Markets
There were few data to inspire global trading today. With policy meetings scheduled on Wednesday and on Thursday, Fed and BoE MPC members currently also abstain from comments on monetary policy. Luckily, ECB governors are again free to speak and temporarily have some kind of monopoly in setting sentiment. Looking at the comments post last week’s ECB meeting, it probably will take some diplomacy for ECB chair Lagarde to reach a consensus on the timing of a first rate cut. Of course, Lagarde’s assessment on Thursday that the ECB is data driven and not calendar driven, wasn’t the best way to reinforce/clarify the message from Davos that it probably will take until summer for the ECB to see the conditions being fulfilled for first rate cut. Hawkish members on Friday and this weekend maintained the view that the ECB needs to be sure that wage rises are again in line with the 2.0% target and that this confirmation won’t be available in March or April. Other more neutral/dovish oriented ECB governors use the idea that the ECB is not calendar but data driven to keep the door open for an early rate hike. In this respect, ECB’s de Guindos indicated that there has been good news on inflation recently and that this will end up being reflected in monetary policy. Markets also still felt confirmed in their dovish positioning by comments from ECB’s Villeroy this weekend as he said that, in a data dependent approach, the ECB could cut rates at any meeting this year. German yields continue their post-ECB decline easing between 7 bps (5-y) and 3.5 bps (30-y). US yields show a similar, slightly less outspoken pattern, ceding between 1.5 bps (2-y) and 4.0 bps (10-y). The prospect of/hope for a further easing of monetary conditions today didn’t trigger additional gains in equities. However, losses remain negligible, keeping recent all-time highs (S&P500; opening little changed) or cycle peak levels (Eurostoxx50, -0.1%) within reach. Brent oil opened north of $84 p/b in Asia on rising tensions between the US and Iran, but didn’t maintain the gains ($83 p/b currently). On FX markets, ongoing market speculation on an ‘early’ ECB rate cut and a more balanced risk sentiment causes euro underperformance. EUR/USD is setting a now 2024 low near 1.081. EUR/GBP (0.852) is coming ever closer to the 0.8493 2023 low. Even EUR/ bove the 160 barrier.

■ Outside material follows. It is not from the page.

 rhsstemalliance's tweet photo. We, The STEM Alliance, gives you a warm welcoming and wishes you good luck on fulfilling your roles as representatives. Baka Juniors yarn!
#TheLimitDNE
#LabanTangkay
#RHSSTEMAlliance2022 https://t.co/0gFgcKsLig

Tomorrow, the calendar contains US consumer confidence (Conference board), the JOLTS job openings, EMU economic confidence and the first estimate of the EMU Q4 GDP. Spain and Belgium will already publish first January CPI data. We also look out whether the National Bank of Hungary will step up the pace of rate cuts from 75 bps to 100 bps.News & Views
Belgian GDP grew by 0.4% in volume terms in the fourth quarter of 2023 compared with the previous quarter, the National Bank of Belgium said in its initial estimate. In year-on-year terms, the economy today is 1.6% larger than in Q4 of 2022. The first NBB calculations only entail a sectoral breakdown. Industry weighed on the activity. Value added in the sector shrank by 0.6% q/q. Services (+0.7%) and especially construction (+1%) reported positive growth. For 2023 as a whole, GDP grew by 1.5%. Value added fell by 3.1% in industry. Value added was up by 1.9% in construction and 2.6% in services.

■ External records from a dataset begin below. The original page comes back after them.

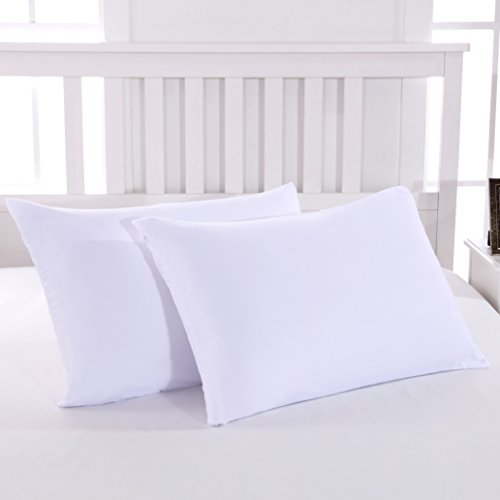 Zippered Pillowcases 2-Piece Super Soft Durable Brushed Microfiber 1800 Plush Experience Machine Washable White King
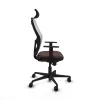 Office Chair with Headrest Jorquera Piqueras y Crespo 1D036N2 White Dark brown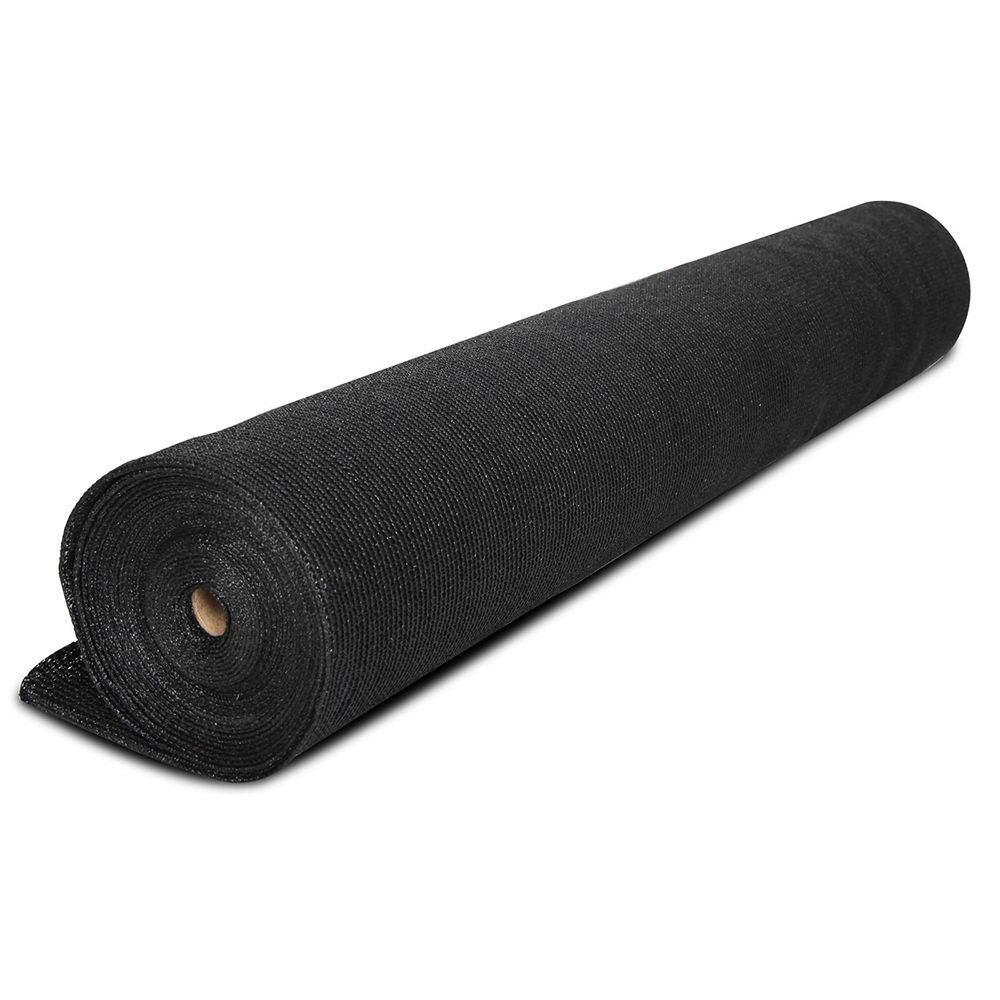 Instahut 50% Shade Cloth 3.66x20m Shadecloth Sail Heavy Duty Black Price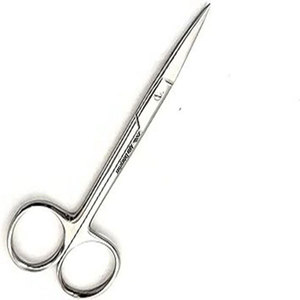 Tijeras de Corte de Tejido Iridiano Manuales de Acero Inoxidable, Punta Afilada Recta, Instrumento de Cirugía Oftálmica de Precisión para Ojos - Product Image 4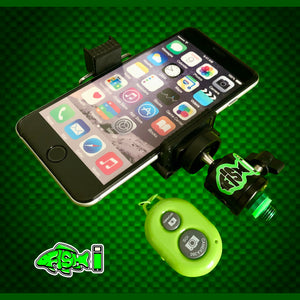 FiSH i Phone Holder With Cold Shoe Mount & Bluetooth Remote. - FiSH i UK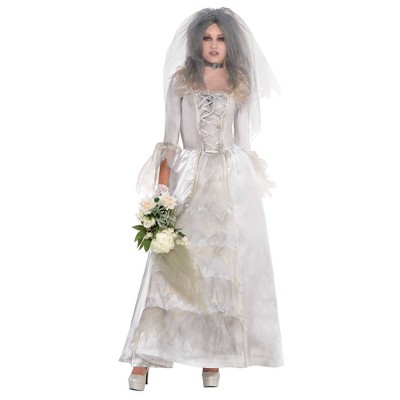 Adult Ghost Bride Halloween Costume One Size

Sweden’s monthly GDP indicator showed activity shrank in December of last year at -0.3% m/m. This follows a downward revision to November from +0.2% to -0.2%. The preliminary December reading resulted in a first estimate of the quarterly dynamics. Growth in that period amounted to 0.1%, less than the 0.3% analysts were expecting. The economy stagnated on a yearly basis, defying expectations for a 0.4% contraction. The series offer an early glimpse on the economy but differ from the regular quarterly publications as they are based on a limited set of data. If the Q4 data gets confirmed by the official reading end next month, it marks an escape from a (technical) recession where growth shrank 0.8% and 0.3% q/q in the previous two quarters. Sweden Statistics said that “weaker figures for domestic use were weighed up by a strengthening of net exports.” Signs of weak consumer spending indeed can be found in a separate release of the December retail sales in Sweden. Monthly sales fell by 0.2%, similar to November. The yearly figure came in at -2.2%, marking the 20th sub-zero reading. The Swedish krone reacted stoic. EUR/SEK is holding steady around 11.35.